The following suggestions have been addressed:

1. Official team colours may change during the seasons

One example for this is Alpine this season, where the colour changed from pink to blue. Now, the team constants have a "base" colour for the official colour. This colour value is updated from the API on a per-session basis now. Only if there were no team colours available somehow, the base colour would be kept.

2. Lookup warnings when getting team names from session.laps

The fuzzy matching code has been refactored and unified throughout FastF1. This problem should be fixed now.

3. Naming of the colour maps and setting the default colour map

As suggested, the colour maps are now named "fastf1" and "official". The "default" keyword now refers to the default colour map, which is "fastf1". The default colour map can be changed by calling fastf1.plotting.set_default_colormap. This way, it is not necessary to specify the colour map in every function call. But it is still possible to set it per function call.

4. Support for changing constants

It is now possible to override the team's short names and the colours in each colour map. Use the function fastf1.plotting.override_team_constants for this. The overrides are per session and do not persist.

I do not want to expose the internal constants API because this is currently a semi-mess. It works right now, but there are some not so great things about it and I can't gurantee that it might not require some major breaking changes at some point. As long as this is an internal API, that's fine and the current implementation is "good enough" even though I'm not very happy with it. If I were to expose this as public API, I basically commit to keeping this as is. This might really make things much more complicated down the road. Alternatively, I'd need to give this much more thought and implement it more cleanly and future proof, delaying this long overdue change even further. Therefore, I have decided to keep this internal API. One could argue that the new function simply hides the internal mess from the user but I consider this the lesser evil here.

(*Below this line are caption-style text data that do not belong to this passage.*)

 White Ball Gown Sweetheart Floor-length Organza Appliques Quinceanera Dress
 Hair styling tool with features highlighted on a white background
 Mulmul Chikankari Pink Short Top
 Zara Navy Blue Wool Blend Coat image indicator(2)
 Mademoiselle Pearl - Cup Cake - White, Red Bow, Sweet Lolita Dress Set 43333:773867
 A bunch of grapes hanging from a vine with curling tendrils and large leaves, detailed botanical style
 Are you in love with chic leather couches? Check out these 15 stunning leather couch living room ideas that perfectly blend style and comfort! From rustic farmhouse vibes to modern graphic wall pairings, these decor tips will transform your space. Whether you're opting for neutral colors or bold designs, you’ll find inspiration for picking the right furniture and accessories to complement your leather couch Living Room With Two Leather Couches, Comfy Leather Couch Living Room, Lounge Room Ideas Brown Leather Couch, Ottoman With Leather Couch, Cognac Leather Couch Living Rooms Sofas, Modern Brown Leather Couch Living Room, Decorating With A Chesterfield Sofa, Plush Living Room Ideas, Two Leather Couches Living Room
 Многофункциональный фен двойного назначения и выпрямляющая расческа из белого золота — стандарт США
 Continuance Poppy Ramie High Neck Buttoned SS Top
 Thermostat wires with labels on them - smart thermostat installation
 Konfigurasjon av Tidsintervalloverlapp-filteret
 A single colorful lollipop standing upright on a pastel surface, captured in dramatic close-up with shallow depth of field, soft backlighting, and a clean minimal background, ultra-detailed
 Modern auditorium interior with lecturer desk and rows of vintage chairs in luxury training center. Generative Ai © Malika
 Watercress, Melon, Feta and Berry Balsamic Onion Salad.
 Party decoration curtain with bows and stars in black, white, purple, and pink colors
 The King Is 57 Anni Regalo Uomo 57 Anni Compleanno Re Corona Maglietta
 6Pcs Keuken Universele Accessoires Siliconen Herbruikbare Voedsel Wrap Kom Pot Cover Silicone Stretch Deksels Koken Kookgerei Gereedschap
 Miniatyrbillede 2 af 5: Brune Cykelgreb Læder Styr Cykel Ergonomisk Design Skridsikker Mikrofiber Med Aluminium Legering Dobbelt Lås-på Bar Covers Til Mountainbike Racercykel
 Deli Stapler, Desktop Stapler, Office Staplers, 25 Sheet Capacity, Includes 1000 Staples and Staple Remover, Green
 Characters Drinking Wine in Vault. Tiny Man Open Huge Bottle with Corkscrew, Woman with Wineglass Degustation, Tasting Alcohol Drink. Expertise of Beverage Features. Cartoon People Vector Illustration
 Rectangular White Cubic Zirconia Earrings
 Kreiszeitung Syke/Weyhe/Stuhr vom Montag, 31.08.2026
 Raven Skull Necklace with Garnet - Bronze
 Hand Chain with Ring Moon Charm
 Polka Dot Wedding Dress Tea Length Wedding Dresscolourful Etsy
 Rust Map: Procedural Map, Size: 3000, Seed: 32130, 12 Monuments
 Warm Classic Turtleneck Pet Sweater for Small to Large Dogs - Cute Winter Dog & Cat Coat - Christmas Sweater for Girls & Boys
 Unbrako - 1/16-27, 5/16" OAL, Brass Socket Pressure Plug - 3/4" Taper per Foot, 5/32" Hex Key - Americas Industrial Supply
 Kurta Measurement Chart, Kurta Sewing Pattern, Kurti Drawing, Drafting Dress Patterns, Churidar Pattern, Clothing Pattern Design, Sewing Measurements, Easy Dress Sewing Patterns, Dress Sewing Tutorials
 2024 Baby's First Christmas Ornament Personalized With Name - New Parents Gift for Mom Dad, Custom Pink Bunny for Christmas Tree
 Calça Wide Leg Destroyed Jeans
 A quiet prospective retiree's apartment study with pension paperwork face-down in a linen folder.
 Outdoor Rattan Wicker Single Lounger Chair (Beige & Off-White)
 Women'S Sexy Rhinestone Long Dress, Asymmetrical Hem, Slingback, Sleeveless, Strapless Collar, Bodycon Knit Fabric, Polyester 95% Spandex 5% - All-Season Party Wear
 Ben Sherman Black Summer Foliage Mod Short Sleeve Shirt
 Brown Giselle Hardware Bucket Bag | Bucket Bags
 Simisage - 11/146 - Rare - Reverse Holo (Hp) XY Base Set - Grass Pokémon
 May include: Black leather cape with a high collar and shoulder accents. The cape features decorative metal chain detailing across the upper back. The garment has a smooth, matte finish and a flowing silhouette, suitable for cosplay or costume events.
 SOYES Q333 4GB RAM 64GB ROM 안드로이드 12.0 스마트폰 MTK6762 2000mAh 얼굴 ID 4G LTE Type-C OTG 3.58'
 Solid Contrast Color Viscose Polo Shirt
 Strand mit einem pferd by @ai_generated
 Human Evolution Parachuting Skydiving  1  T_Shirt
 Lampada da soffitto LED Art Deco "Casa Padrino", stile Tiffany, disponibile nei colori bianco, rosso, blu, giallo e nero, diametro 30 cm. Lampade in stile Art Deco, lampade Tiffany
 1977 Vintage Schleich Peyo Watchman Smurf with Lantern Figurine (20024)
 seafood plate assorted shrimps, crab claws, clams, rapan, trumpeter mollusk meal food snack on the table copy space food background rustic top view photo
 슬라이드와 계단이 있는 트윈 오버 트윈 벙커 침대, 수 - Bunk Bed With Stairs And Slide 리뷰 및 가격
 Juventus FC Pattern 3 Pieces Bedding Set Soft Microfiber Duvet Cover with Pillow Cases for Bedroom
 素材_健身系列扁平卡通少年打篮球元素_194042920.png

@harningle, overriding colours on a per-driver basis will not be added for two reasons. First, this would be a fairly large change or a very hacky implementation, because driver colours do no longer exist in the new implementation. Everything is team colours and I'd need to change that just to enable these overrides. Second, the reason why driver colours are deprecated is that they end up being a huge mess requiring shades of almost the same colour for various drivers. And in the end, you can barely tell them apart. People should use other means to differentiate drivers of the same team in a visualization.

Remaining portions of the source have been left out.